-- Exercise brief --
Repeat the entries shown below with every word and mark intact.

-- Stored items --
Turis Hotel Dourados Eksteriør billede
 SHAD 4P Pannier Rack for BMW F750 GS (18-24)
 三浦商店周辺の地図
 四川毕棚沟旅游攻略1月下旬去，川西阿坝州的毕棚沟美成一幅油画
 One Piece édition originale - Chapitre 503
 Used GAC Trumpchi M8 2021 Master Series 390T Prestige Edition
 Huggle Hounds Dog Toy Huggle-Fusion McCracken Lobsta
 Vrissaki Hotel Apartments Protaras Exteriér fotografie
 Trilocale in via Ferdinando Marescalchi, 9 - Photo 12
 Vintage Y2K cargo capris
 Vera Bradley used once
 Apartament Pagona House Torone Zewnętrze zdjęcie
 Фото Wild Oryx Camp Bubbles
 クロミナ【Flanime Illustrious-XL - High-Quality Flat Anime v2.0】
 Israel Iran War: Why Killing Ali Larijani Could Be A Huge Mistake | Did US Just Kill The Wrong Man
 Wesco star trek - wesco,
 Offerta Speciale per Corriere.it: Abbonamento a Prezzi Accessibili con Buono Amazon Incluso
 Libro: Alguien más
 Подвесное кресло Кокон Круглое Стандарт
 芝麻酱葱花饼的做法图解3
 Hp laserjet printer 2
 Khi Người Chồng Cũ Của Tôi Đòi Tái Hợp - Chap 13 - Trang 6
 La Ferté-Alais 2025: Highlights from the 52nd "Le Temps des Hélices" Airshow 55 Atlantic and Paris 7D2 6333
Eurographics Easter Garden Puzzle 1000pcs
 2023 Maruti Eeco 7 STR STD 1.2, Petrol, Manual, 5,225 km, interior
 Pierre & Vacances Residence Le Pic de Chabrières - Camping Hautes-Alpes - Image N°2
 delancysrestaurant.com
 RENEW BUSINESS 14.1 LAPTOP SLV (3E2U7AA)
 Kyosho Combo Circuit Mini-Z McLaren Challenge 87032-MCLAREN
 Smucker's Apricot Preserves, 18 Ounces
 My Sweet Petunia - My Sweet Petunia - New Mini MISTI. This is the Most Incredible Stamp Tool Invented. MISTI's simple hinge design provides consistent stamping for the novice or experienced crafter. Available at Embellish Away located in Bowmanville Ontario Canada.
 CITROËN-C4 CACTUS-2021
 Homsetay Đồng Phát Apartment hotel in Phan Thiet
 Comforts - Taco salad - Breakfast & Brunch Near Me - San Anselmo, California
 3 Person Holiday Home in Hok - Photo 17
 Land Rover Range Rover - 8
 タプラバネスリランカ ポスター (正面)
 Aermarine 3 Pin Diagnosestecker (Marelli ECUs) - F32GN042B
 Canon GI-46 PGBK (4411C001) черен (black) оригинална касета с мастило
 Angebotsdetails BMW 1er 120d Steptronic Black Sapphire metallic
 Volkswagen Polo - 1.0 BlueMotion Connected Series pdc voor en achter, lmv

-- Output below --
Turis Hotel Dourados Eksteriør billede
 SHAD 4P Pannier Rack for BMW F750 GS (18-24)
 三浦商店周辺の地図
 四川毕棚沟旅游攻略1月下旬去，川西阿坝州的毕棚沟美成一幅油画
 One Piece édition originale - Chapitre 503
 Used GAC Trumpchi M8 2021 Master Series 390T Prestige Edition
 Huggle Hounds Dog Toy Huggle-Fusion McCracken Lobsta
 Vrissaki Hotel Apartments Protaras Exteriér fotografie
 Trilocale in via Ferdinando Marescalchi, 9 - Photo 12
 Vintage Y2K cargo capris
 Vera Bradley used once
 Apartament Pagona House Torone Zewnętrze zdjęcie
 Фото Wild Oryx Camp Bubbles
 クロミナ【Flanime Illustrious-XL - High-Quality Flat Anime v2.0】
 Israel Iran War: Why Killing Ali Larijani Could Be A Huge Mistake | Did US Just Kill The Wrong Man
 Wesco star trek - wesco,
 Offerta Speciale per Corriere.it: Abbonamento a Prezzi Accessibili con Buono Amazon Incluso
 Libro: Alguien más
 Подвесное кресло Кокон Круглое Стандарт
 芝麻酱葱花饼的做法图解3
 Hp laserjet printer 2
 Khi Người Chồng Cũ Của Tôi Đòi Tái Hợp - Chap 13 - Trang 6
 La Ferté-Alais 2025: Highlights from the 52nd "Le Temps des Hélices" Airshow 55 Atlantic and Paris 7D2 6333
Eurographics Easter Garden Puzzle 1000pcs
 2023 Maruti Eeco 7 STR STD 1.2, Petrol, Manual, 5,225 km, interior
 Pierre & Vacances Residence Le Pic de Chabrières - Camping Hautes-Alpes - Image N°2
 delancysrestaurant.com
 RENEW BUSINESS 14.1 LAPTOP SLV (3E2U7AA)
 Kyosho Combo Circuit Mini-Z McLaren Challenge 87032-MCLAREN
 Smucker's Apricot Preserves, 18 Ounces
 My Sweet Petunia - My Sweet Petunia - New Mini MISTI. This is the Most Incredible Stamp Tool Invented. MISTI's simple hinge design provides consistent stamping for the novice or experienced crafter. Available at Embellish Away located in Bowmanville Ontario Canada.
 CITROËN-C4 CACTUS-2021
 Homsetay Đồng Phát Apartment hotel in Phan Thiet
 Comforts - Taco salad - Breakfast & Brunch Near Me - San Anselmo, California
 3 Person Holiday Home in Hok - Photo 17
 Land Rover Range Rover - 8
 タプラバネスリランカ ポスター (正面)
 Aermarine 3 Pin Diagnosestecker (Marelli ECUs) - F32GN042B
 Canon GI-46 PGBK (4411C001) черен (black) оригинална касета с мастило
 Angebotsdetails BMW 1er 120d Steptronic Black Sapphire metallic
 Volkswagen Polo - 1.0 BlueMotion Connected Series pdc voor en achter, lmv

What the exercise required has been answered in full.